The Ginger Child
Page 24
We, it quickly becomes clear, are those someones.
In order to continue as prospective adopters, she says, we would have to submit to an independent review in which we would need to give a full account of what happened and convince the reviewer that none of it was our fault.
Even still, she says, the reviewer might find against us, might decide that we are not suitable as prospective adopters. And even if the person found in our favour, we would have a ‘black mark’ on our record and it would be very unlikely that any social worker anywhere would risk matching us with a child for fear that we might, at the last second, decide that the match was not right for us.
At the time I feel almost relieved by this, because I know that I don’t have it in me to go through a review, although Andrew has been holding open the possibility of trying again.

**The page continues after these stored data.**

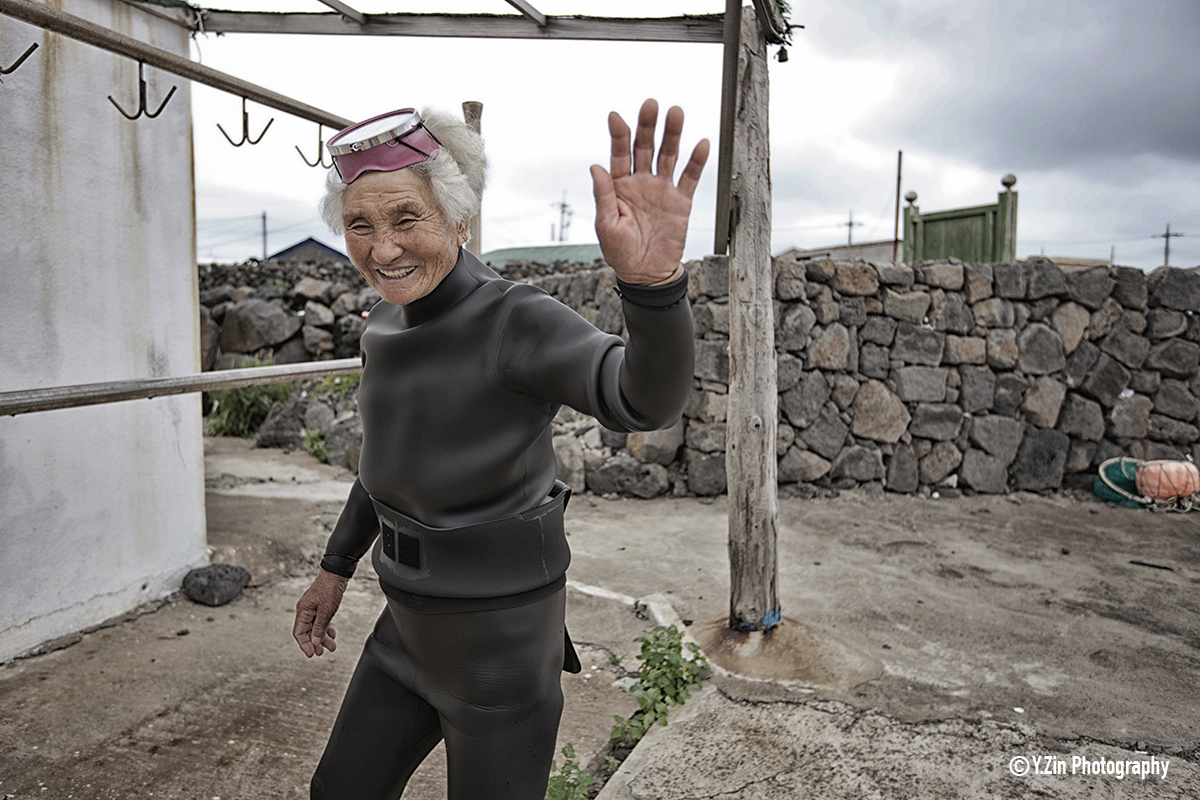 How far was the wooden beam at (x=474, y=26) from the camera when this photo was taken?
3320 millimetres

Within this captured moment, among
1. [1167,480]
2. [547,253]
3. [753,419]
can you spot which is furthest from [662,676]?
[547,253]

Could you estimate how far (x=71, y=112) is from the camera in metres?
3.26

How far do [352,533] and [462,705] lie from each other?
43 cm

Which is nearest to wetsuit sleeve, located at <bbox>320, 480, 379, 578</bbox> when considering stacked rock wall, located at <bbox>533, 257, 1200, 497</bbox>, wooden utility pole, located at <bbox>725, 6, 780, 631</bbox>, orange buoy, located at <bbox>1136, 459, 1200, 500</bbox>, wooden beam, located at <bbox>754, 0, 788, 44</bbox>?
wooden utility pole, located at <bbox>725, 6, 780, 631</bbox>

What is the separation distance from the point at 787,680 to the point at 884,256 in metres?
10.2

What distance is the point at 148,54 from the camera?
2.50m

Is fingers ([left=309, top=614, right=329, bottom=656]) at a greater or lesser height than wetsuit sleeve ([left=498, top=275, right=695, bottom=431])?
lesser

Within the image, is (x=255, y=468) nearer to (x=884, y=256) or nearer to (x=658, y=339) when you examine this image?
(x=658, y=339)

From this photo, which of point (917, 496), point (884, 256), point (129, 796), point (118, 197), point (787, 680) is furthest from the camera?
point (884, 256)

Now, with this new information, he no longer is.
Nonetheless, I also feel a sense of rage that the system should conclude, however implicitly, that we were the ones at fault, when it is clear to me that O— and we were all failed in countless ways by them.

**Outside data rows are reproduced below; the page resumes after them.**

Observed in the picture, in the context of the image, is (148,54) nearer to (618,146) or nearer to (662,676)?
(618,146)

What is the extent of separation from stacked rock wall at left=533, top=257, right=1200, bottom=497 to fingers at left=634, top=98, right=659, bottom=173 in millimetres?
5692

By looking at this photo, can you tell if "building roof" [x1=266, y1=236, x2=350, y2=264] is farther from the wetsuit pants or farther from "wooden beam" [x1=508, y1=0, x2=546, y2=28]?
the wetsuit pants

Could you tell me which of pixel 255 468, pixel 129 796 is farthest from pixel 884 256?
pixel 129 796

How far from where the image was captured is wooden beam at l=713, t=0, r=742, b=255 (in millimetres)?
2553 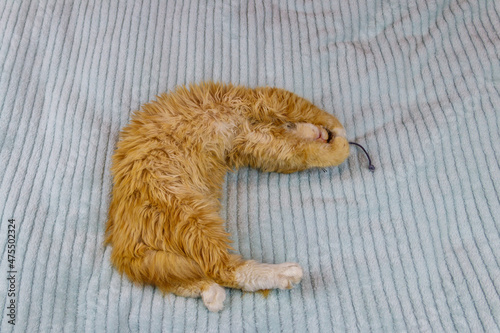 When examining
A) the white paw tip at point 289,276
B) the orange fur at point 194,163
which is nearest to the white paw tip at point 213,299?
the orange fur at point 194,163

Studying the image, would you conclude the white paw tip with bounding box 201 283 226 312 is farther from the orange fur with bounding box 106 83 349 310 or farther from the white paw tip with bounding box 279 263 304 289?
the white paw tip with bounding box 279 263 304 289

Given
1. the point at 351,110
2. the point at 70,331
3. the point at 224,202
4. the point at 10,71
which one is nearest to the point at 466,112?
the point at 351,110

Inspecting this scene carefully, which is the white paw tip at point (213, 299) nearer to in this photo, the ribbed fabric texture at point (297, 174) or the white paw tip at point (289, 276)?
the ribbed fabric texture at point (297, 174)

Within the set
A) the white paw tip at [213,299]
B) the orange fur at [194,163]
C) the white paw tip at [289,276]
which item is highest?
the orange fur at [194,163]

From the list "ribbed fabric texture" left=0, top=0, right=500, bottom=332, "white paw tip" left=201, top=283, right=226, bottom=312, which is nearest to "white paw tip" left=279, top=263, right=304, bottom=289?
"ribbed fabric texture" left=0, top=0, right=500, bottom=332

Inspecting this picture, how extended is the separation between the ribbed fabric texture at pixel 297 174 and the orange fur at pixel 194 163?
0.07 meters

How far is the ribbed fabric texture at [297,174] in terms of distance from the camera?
3.54 ft

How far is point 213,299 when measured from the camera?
3.46 feet

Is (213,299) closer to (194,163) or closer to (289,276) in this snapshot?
(289,276)

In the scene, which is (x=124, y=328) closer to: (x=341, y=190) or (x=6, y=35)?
(x=341, y=190)

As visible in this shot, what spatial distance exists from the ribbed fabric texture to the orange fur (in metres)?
0.07

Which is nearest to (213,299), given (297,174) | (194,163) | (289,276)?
(289,276)

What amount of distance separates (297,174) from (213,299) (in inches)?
18.3

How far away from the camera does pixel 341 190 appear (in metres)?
1.31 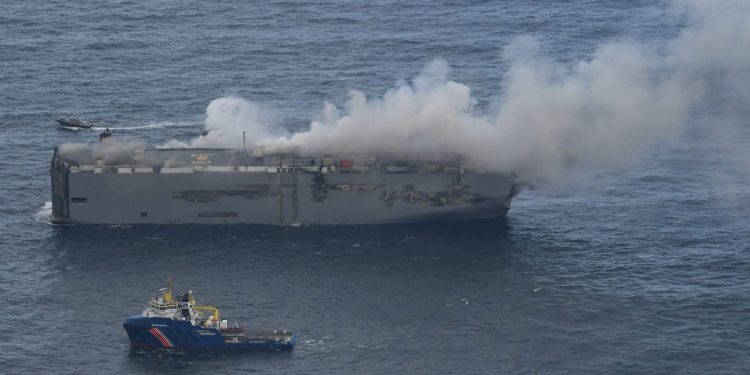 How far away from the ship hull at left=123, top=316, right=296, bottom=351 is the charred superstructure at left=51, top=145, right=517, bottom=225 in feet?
121

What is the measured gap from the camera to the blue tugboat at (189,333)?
15425 cm

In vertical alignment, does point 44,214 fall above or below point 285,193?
below

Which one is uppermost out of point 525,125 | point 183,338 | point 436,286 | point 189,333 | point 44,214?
point 525,125

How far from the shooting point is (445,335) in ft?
514

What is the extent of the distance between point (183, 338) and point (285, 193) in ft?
126

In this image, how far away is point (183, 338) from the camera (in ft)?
509

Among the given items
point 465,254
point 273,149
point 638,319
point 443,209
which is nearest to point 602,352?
point 638,319

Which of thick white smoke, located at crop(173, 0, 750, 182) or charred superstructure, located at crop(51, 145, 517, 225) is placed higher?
thick white smoke, located at crop(173, 0, 750, 182)

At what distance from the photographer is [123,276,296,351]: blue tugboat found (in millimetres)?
154250

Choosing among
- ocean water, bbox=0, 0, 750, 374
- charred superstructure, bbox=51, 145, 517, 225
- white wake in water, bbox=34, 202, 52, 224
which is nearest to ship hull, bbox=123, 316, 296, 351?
ocean water, bbox=0, 0, 750, 374

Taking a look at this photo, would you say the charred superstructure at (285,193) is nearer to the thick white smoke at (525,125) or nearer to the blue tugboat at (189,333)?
the thick white smoke at (525,125)

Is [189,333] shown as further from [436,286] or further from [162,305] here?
[436,286]

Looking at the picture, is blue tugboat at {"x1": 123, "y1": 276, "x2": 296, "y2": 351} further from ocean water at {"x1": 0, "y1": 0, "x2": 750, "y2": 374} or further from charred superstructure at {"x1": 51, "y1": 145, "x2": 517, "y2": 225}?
charred superstructure at {"x1": 51, "y1": 145, "x2": 517, "y2": 225}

When people ask us now whether we will try again, I say no, not adoption. My heart is too fragile, the world now too dangerous and too unpredictable. I cannot put myself through it. I cannot face the intrusiveness of new processes of approval. I would never consider trying to adopt in Britain, and to adopt abroad we would have to go through a private company, which might not even find us suitable, and even then our options as a same-sex couple are limited. Few countries want people like us. And who’s to say, in this dark age through which we’re now living, how long even those doors will remain open?
ORDINARY
In Blue Nights, Joan Didion writes of her gradual process of realizing how much was wrong, how much went wrong, with her adopted daughter, Quintana, a child she brought home from the hospital two days after she was born. This confession undermines the narrative I have long clung to: if only we could adopt a child in the first days of its life, be certain of taking care of its every need as our mothers took care of ours, bonding with it from its first moments in this world, then everything would be okay, all of us happy and well adjusted and ordinary.
Whatever ordinary means for anyone.
Fucked up in a banal way rather than an unpredictable and volatile one.

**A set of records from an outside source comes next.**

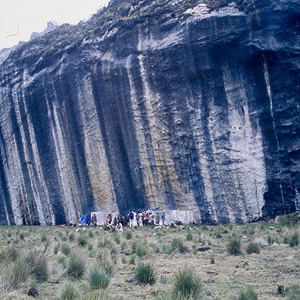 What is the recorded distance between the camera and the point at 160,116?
2006cm

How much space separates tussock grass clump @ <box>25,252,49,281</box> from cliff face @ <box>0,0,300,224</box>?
1274 cm

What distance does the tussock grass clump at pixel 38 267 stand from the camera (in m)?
6.50

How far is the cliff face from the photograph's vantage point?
1720 cm

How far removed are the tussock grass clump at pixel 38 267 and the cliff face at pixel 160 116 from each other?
12741 mm

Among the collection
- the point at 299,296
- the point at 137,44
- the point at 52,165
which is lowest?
the point at 299,296

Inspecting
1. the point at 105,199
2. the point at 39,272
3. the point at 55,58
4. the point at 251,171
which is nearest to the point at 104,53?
the point at 55,58

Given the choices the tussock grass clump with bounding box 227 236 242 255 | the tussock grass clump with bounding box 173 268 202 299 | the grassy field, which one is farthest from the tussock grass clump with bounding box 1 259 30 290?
the tussock grass clump with bounding box 227 236 242 255

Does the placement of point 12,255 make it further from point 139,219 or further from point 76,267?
point 139,219

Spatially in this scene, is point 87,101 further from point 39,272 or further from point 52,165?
point 39,272

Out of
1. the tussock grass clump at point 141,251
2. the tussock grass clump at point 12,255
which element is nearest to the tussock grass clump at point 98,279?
the tussock grass clump at point 12,255

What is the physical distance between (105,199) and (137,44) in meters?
10.6

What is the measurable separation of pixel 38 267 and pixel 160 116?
47.5 feet

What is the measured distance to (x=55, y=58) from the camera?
24750 millimetres

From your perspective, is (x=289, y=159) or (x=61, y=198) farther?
(x=61, y=198) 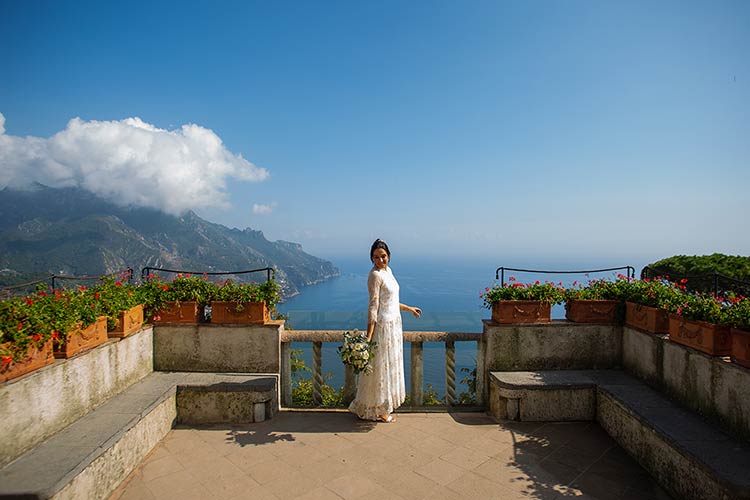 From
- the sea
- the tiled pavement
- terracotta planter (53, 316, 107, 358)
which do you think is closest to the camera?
the tiled pavement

Reading Didion, I realize that my idealization of raising children to independence may be deeply old-fashioned. Western society – American society at least, but British, too, and perhaps for much longer – has expanded the purview of parenting deep into the adulthood of the child, so that a duty of care seems practically if not actually a lifelong responsibility. This was not so for my own parents, who supported me financially until I was independent but only up to a point, as their parents supported them, but only up to a point. A net was there if something went catastrophically wrong, but at some juncture in all of our relationships the children became more independent, more stable, than the parents.
Ultimately, Andrew and I looked at O— and I feared we could never be certain of having time enough to make sure O— would reach independence, make his own way in the world, because those first four and a half years of his life were lost to us, our knowledge of them able to fill a few pages at most, and even that built on the accounts of others, not even his own family, let alone himself. In the end, we did not trust that we were up to the task.
And although it is not the point of having children, at least not the only one, I could not trust that when I needed him at the end of my own life, he would be there to look after me.
YOU
Although I have altered and obscured your name, many other details, the names of everyone around you, numerous details about them as well, perhaps you will still find yourself here, in these pages, some day in the future.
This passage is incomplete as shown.